И вот шахский двор и все грузины поражены: в Исфахан прискакал не
только Зураб, которого ждали, но и царевич Симон, которого совсем не ждали.
Царь Баграт внезапно умер. На охоту выехал веселый, охота удачна была.
Вдруг конь царя шарахнулся, встал на дыбы. Говорят, лесной человек испугал
коня. Царь от неожиданности упал с седла, голову о пень разбил. Два часа
жил, никого не узнавал, только помянул какой-то сундук с одеждой.
Симон почти бежал из Тбилиси. Духовенство отказалось венчать на
царство: говорят - магометанин, не дело церкви, как шах Аббас скажет.
Неизвестные народ мутят. На майдане кричат купцы, кричат амкары.

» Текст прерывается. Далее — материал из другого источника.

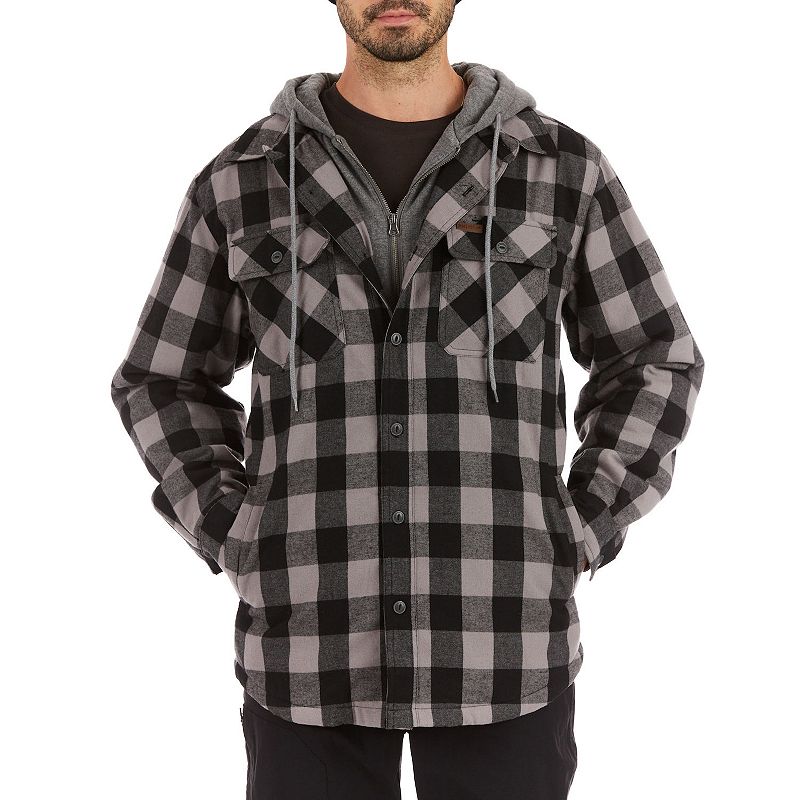 17975769 Mens Smiths Workwear Sherpa-Lined Hooded Flannel S sku 17975769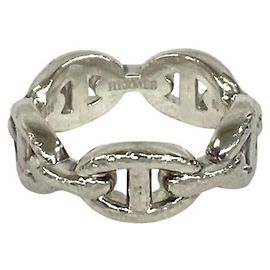 Hermès Hermes Enchainée Ring in Silver 925 Silvery
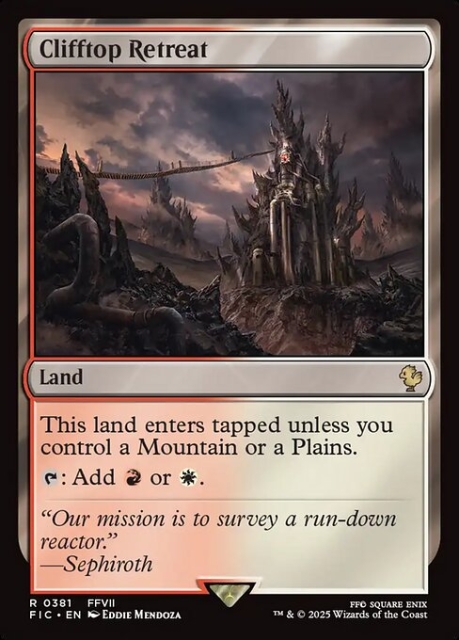 Clifftop Retreat in the group Magic the Gathering / Sets / Final Fantasy Drop / Final Fantasy Commander at Proxyprinters.com (103374)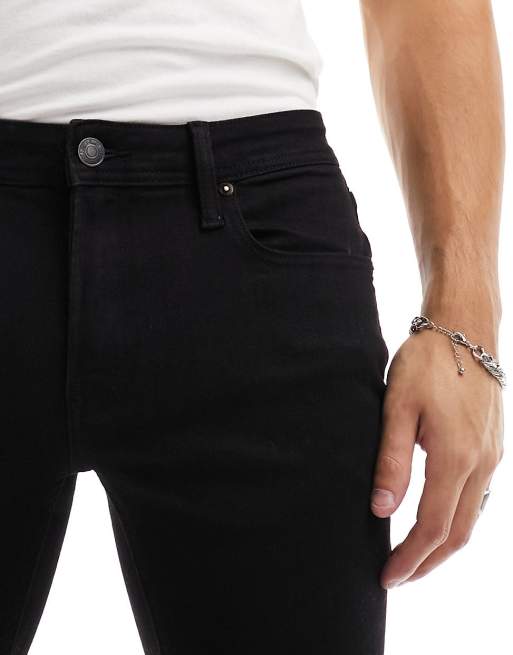 Jack & Jones Essentials – Liam – Svarta, skinny jeans, 5 av 5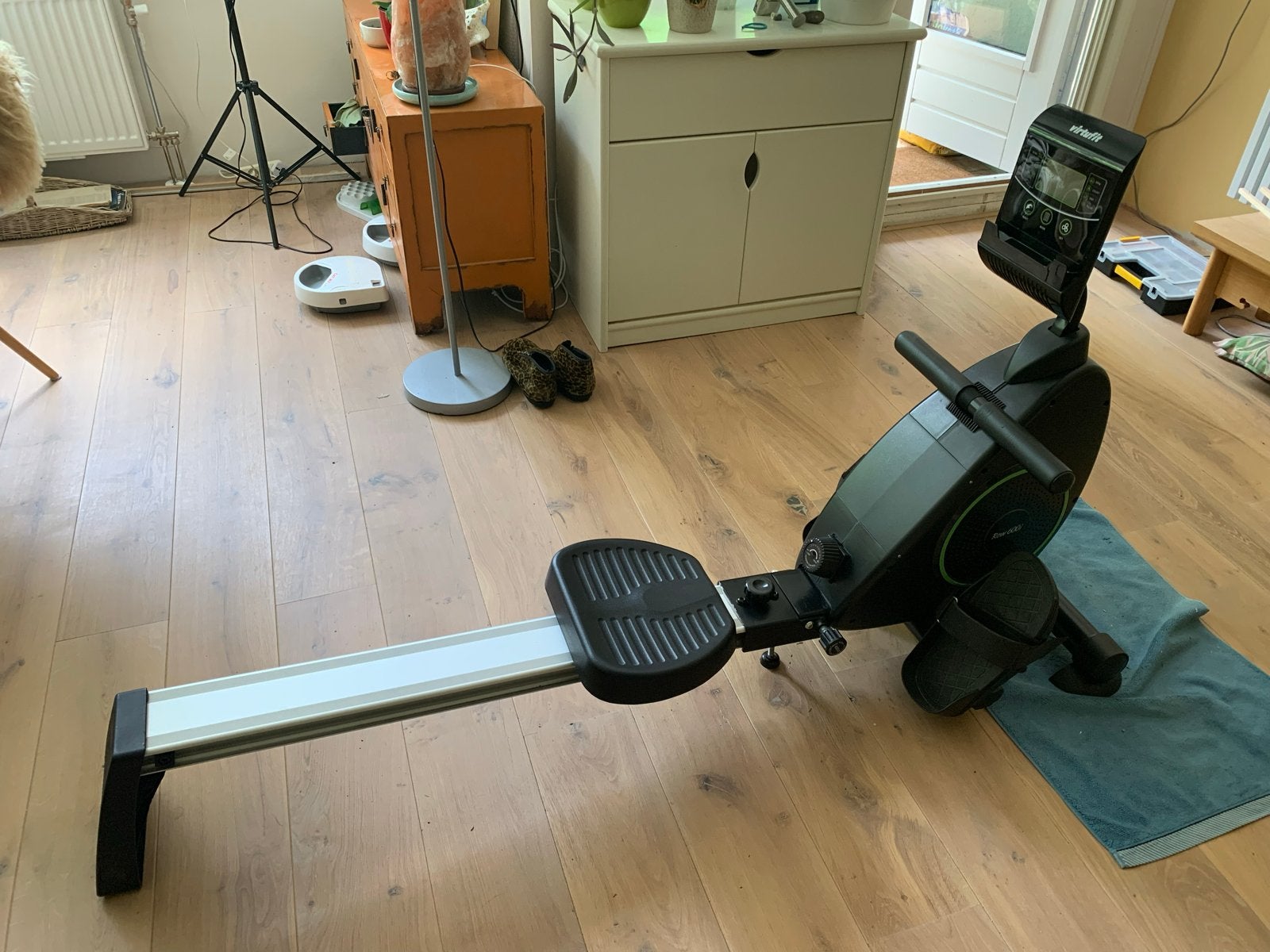 VirtuFit Row 400 Roeitrainer - Compact en Stil, Ophalen, Gebruikt, Armen, Metaal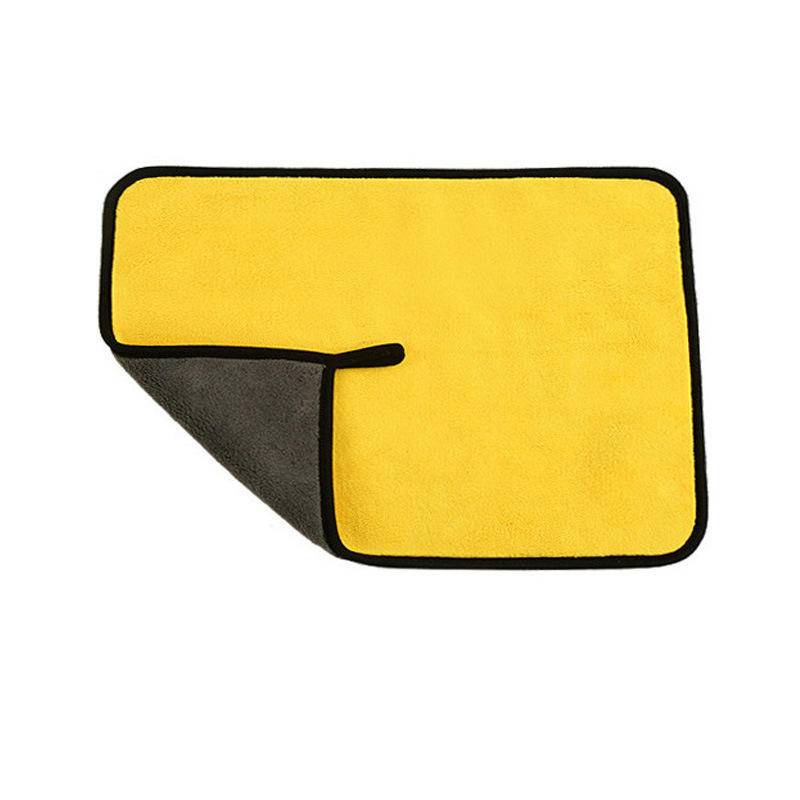 Khăn làm sạch hai mặt bằng vi sợi khăn dày thấm hút tốt vệ sinh xe hơi tiện dụng 30*30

Тбилиси, как раскаленный мангал, все со всеми драться готовы. Но и
владетельные князья отказались признать Симона. Пример подал Мухран-батони,
потом Ксанские Эристави, за ними потянулись и князья-мусульмане... Старая
царица Мариам разъезжает по всем княжествам, большие богатства жертвует
церкви. Откуда взяла?! Против царя Баграта настраивала, теперь против
Симона. Сейчас уползла в Имерети. Кто знал, что змея, думали - сова.
И Зураб жаловался шаху. Он с юных лет с Нугзаром на поле битвы добывал
славу роду Эристави Арагвских. Он за шах-ин-шаха пять лет сражался с
турками, он усмирял горцев, он повеление шах-ин-шаха выполнял, как повеление
бога. А Баадур никогда шашку не обнажал, только и беспокоился о заячьей
охоте и еще мед любил, как медведь. Нугзар Эристави открыто говорил: "Зураб
унаследует владение Арагвское". Еще немного - и горцы откажутся от дани,
другие тоже. Никто не боится слабого Баадура. Княжество рассеется, как дым.
Кто тогда защитит царский престол? Уже сейчас опасно без большой охраны на
дорогах. Нет мира в Картли.
Шах встревожен. "Дальновидный русийский царь, осведомленный о состоянии
Картли и Кахети, не замедлит прислать Теймуразу стрелецкое войско. Недаром
просил меня за Теймураза, больше чем просил, - одной верой связаны. Тогда
мои великие труды разлетятся подобно птицам. А дальше? Дальше русийский царь
присвоит все дороги Кавказа. Если не остановить, тень Русии на Иран ляжет".
И Аббас решил - в Кахети пойдут Георгий Саакадзе и Карчи-хан.
Неожиданное счастье! Ненужному царю, вероятно, Шадиман помог умереть.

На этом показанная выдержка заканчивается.